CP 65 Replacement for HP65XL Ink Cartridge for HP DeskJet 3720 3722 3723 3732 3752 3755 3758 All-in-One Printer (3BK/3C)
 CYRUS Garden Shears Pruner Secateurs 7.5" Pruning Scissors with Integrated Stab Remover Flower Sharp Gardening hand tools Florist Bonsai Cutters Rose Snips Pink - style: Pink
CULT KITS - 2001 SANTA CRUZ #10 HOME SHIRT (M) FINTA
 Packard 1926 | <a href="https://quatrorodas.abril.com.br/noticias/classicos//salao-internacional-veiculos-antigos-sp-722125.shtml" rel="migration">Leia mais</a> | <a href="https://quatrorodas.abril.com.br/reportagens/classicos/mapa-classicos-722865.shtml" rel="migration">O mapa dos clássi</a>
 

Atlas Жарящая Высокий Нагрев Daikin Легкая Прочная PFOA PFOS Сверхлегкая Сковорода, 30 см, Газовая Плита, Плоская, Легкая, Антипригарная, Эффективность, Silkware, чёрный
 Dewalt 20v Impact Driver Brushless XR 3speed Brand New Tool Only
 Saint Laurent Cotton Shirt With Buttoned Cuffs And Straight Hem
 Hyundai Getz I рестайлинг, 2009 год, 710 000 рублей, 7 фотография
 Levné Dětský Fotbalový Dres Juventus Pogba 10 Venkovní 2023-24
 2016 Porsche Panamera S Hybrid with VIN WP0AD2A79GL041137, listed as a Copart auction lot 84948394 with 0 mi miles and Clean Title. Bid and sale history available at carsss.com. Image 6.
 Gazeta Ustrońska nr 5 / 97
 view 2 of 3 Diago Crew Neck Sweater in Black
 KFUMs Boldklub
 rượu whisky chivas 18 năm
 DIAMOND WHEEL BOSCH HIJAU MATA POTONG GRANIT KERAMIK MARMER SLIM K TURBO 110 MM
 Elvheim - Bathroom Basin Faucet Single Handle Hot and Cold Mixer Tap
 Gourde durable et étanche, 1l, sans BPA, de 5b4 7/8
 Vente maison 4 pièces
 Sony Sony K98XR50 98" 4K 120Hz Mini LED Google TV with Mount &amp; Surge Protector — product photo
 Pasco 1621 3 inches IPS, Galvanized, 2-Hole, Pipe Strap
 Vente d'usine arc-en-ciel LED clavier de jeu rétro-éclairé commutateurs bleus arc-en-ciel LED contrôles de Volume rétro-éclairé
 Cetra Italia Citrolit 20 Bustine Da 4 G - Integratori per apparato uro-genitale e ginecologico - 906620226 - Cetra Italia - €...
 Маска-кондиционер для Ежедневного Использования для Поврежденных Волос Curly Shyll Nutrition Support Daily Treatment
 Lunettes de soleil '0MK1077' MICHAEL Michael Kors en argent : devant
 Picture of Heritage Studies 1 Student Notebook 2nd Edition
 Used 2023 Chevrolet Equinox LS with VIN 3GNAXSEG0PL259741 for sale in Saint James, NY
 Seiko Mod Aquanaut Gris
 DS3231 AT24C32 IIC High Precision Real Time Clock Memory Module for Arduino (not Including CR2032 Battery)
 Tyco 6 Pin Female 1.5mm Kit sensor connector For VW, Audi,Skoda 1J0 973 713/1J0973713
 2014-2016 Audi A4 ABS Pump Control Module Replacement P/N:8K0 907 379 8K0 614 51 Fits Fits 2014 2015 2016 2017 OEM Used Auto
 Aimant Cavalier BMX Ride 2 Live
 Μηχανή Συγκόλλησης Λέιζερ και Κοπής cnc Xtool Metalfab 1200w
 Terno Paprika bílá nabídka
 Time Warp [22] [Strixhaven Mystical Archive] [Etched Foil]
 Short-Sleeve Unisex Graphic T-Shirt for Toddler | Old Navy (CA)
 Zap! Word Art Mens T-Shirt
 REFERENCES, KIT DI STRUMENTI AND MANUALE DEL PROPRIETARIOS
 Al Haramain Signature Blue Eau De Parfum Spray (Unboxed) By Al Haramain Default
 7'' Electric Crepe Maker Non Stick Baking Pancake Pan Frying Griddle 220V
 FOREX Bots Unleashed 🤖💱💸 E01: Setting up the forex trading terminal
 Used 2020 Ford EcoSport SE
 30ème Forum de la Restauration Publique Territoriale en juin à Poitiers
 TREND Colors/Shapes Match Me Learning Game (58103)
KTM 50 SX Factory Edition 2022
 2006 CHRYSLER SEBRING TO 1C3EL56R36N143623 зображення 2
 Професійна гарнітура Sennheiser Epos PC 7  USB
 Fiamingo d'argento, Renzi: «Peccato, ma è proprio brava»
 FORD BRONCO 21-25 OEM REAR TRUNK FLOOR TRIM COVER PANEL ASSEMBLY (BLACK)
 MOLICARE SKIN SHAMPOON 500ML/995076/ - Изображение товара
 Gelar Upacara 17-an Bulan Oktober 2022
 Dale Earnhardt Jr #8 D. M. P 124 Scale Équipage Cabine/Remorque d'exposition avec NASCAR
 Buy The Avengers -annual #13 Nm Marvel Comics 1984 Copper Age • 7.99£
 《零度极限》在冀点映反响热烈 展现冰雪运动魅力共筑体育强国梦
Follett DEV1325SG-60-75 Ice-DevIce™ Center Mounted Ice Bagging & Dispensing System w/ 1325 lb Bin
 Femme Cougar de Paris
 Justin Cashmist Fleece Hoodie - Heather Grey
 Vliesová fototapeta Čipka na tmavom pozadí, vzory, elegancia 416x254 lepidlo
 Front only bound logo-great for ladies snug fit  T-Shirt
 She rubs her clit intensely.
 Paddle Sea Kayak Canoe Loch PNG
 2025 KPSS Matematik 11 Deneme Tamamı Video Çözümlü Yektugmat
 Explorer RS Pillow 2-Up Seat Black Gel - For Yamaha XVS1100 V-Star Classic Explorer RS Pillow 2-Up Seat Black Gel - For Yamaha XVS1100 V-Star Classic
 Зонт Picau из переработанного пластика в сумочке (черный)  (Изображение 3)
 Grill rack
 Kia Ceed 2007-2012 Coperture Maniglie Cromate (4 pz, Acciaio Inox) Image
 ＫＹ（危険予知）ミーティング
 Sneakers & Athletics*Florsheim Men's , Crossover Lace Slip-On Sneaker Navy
---
Using the entries shown above, reproduce verbatim the lines from the line bearing "Terno Paprika bílá nabídka" to the line bearing "Професійна гарнітура Sennheiser", inclusive.

 Terno Paprika bílá nabídka
 Time Warp [22] [Strixhaven Mystical Archive] [Etched Foil]
 Short-Sleeve Unisex Graphic T-Shirt for Toddler | Old Navy (CA)
 Zap! Word Art Mens T-Shirt
 REFERENCES, KIT DI STRUMENTI AND MANUALE DEL PROPRIETARIOS
 Al Haramain Signature Blue Eau De Parfum Spray (Unboxed) By Al Haramain Default
 7'' Electric Crepe Maker Non Stick Baking Pancake Pan Frying Griddle 220V
 FOREX Bots Unleashed 🤖💱💸 E01: Setting up the forex trading terminal
 Used 2020 Ford EcoSport SE
 30ème Forum de la Restauration Publique Territoriale en juin à Poitiers
 TREND Colors/Shapes Match Me Learning Game (58103)
KTM 50 SX Factory Edition 2022
 2006 CHRYSLER SEBRING TO 1C3EL56R36N143623 зображення 2
 Професійна гарнітура Sennheiser Epos PC 7  USB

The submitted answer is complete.